I had a completely sleepless night, and feel awful this morning. Attila left for work an hour early, he is avoiding eye contact now. He is making arrangements today to rent a room to move into, not sure when he will move out, probably soon. He has a lot of good intentions on making sure I am OK, few of which will be real, mostly in-the-moment guilt driven, that has no lasting power.
I looked at real estate this morning because I will have to move, as this is the marital home and has to be sold. I cried. The only unit I had any chance at having enough money for was falling apart, heated with expensive electricity, and in a neighbourhood where there were shooting deaths a few months ago. I would be on my own there, and couldn’t afford to renovate at all. Not desirable. I looked at rental units and they cost more than my income, so that won’t work either. My thinking has not yet adjusted to the reality of a small pension, in this first pass looking for a place to live.
I spent part of the night looking for a support group for coping with divorce, only paid options available, and those are private sessions, which I don’t want, I want to sit with a group of people who are experiencing the same thing! I joined an online group, but that is not face-to-face, which is the kind of contact I am fighting to keep in my life.
I sent the news to my Mom, my sisters, and my daughters. They were all deeply shocked and saddened. They have been verbally supportive.
My real challenge today is to eat. Yesterday I was nauseous at every bite I attempted.
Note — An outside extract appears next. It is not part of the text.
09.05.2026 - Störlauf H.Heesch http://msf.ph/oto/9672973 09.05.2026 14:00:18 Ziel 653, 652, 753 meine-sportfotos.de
All I could get down was a slice of bread with peanut butter, but I have to do a lot better than that.
Day two doesn’t seem any easier than day one so far. I still can’t take it in, that this is really happening.
Since I have no one here to talk to, now, or later, or ever, I think I will allow myself to write here, it helps a bit.
Date: 6:00 AM EST Monday 27 November 2017
Condition: Light Snowshower
Pressure: 101.4 kPa
Dew point: -3.7°C
Wind: NW 17 km/h
Visibility: 24 km
“A mind too active is no mind at all.”
1908 – 1963
This is an issue at the moment.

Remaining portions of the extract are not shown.